Exercise input =
==========
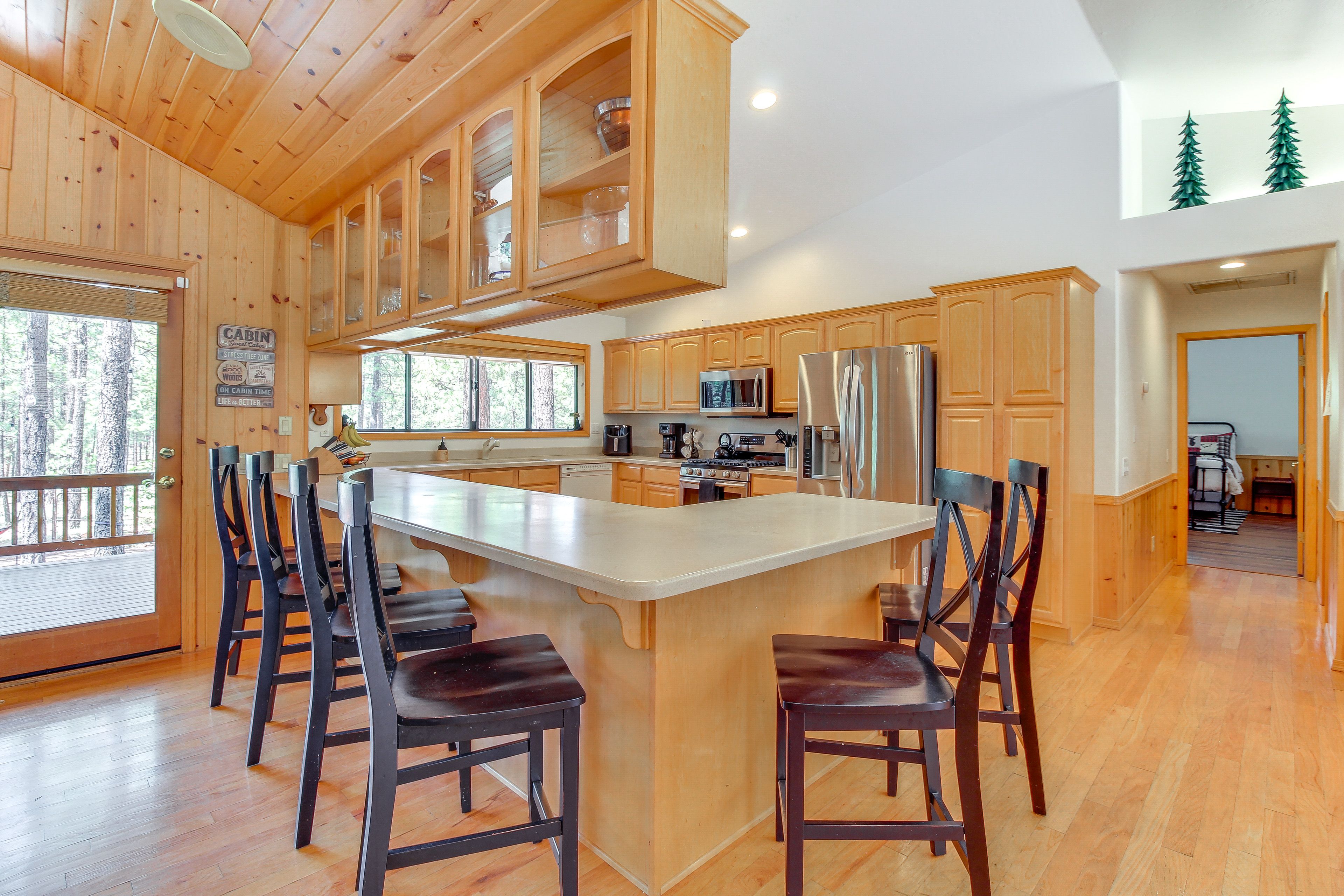 Breakfast Bar w/ Seating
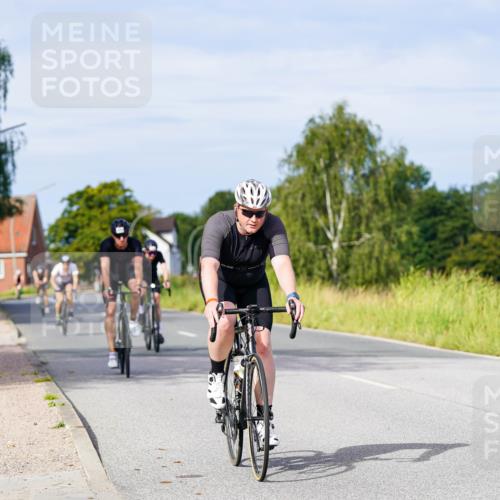 31.08.2025 - Elbe Triathlon Hamburg Michael Burmester http://msf.ph/oto/8676617 31.08.2025 10:24:42 Radfahren 594, 677, 863, 979, 994, 1075, 1080, 1092 meine-sportfotos.de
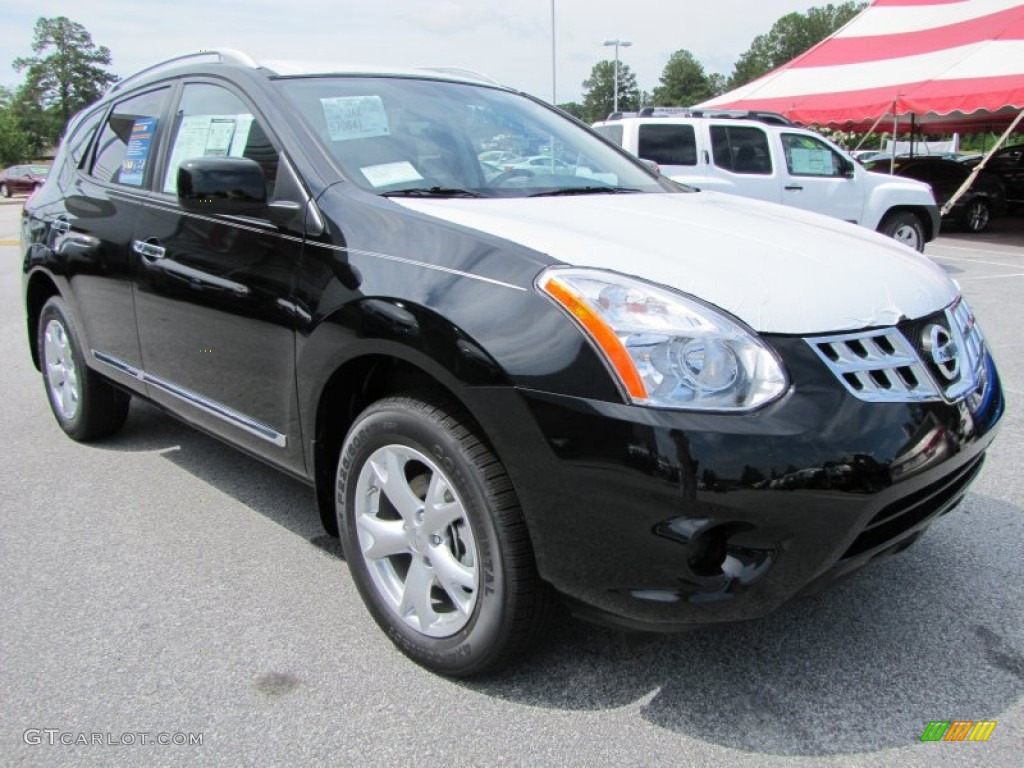 2011 Rogue SV - Wicked Black / Black photo #7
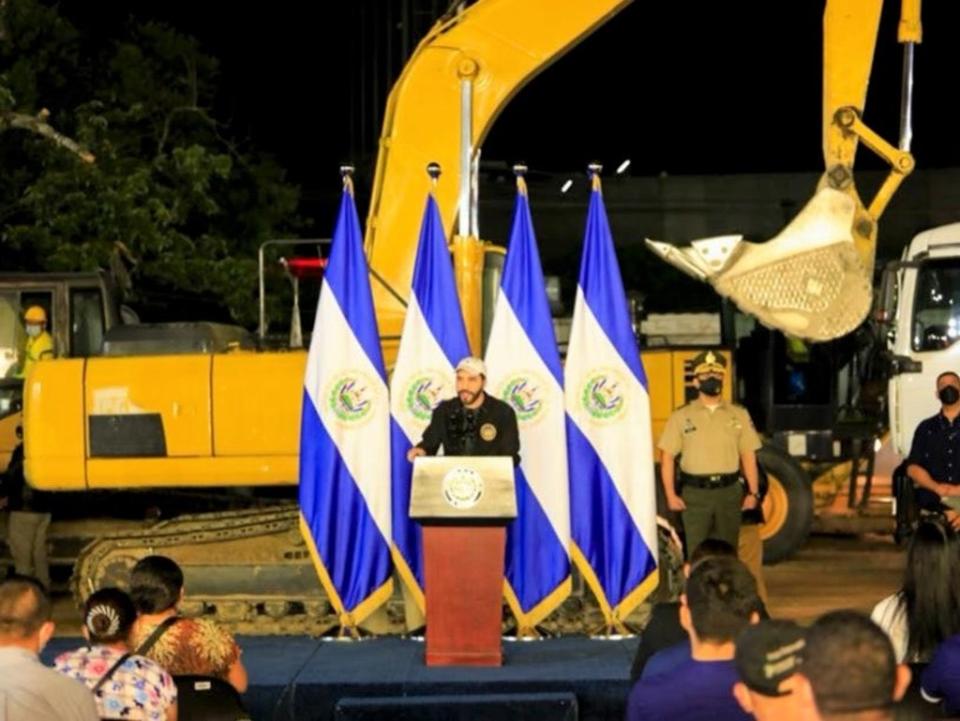 El Salvador president Nayib Bukele laid the first stone of the country’s first public veterinary hospital on 1 November, 2021 (Casa Presidencial El Salvador)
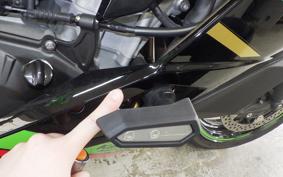 KAWASAKI ZX-25R ZX250E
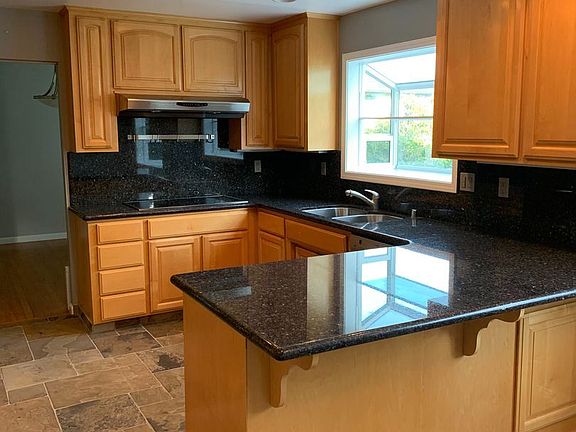 4th image of 143 Belcrest Dr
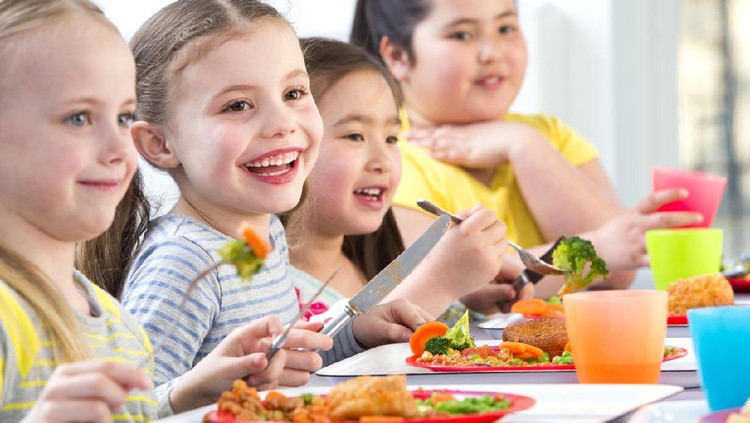 Anak makan Anak makan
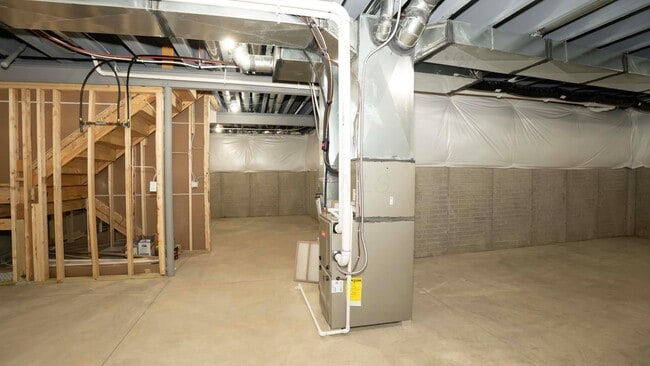 Building Photo - 1717 Longhill Dr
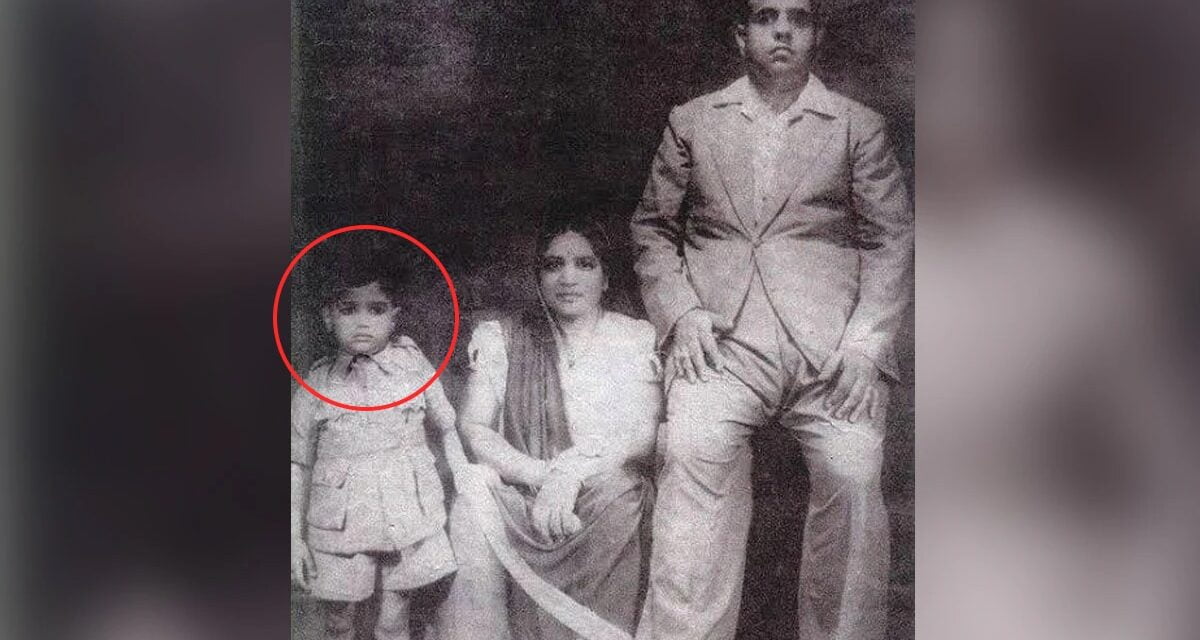 माता-पिता के साथ फोटो में दिख रहा ये बच्चा था जितेंद्र का क्लासमेट, फिल्मों में आया तो बन गया उनसे भी बड़ा सितारा…पहचाना क्या?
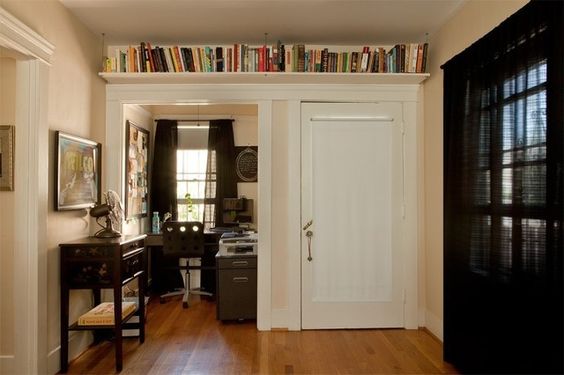 Biblioteca em casa, decorando com livros. Prateleira em cima da porta para guardar livros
==========
About this exercise =
Although pictures appear among the entries, please set down only the lines from the one with "31.08.2025 - Elbe" up to and including the one with "El Salvador president", word for word.

Exercise result =
 31.08.2025 - Elbe Triathlon Hamburg Michael Burmester http://msf.ph/oto/8676617 31.08.2025 10:24:42 Radfahren 594, 677, 863, 979, 994, 1075, 1080, 1092 meine-sportfotos.de
 2011 Rogue SV - Wicked Black / Black photo #7
 El Salvador president Nayib Bukele laid the first stone of the country’s first public veterinary hospital on 1 November, 2021 (Casa Presidencial El Salvador)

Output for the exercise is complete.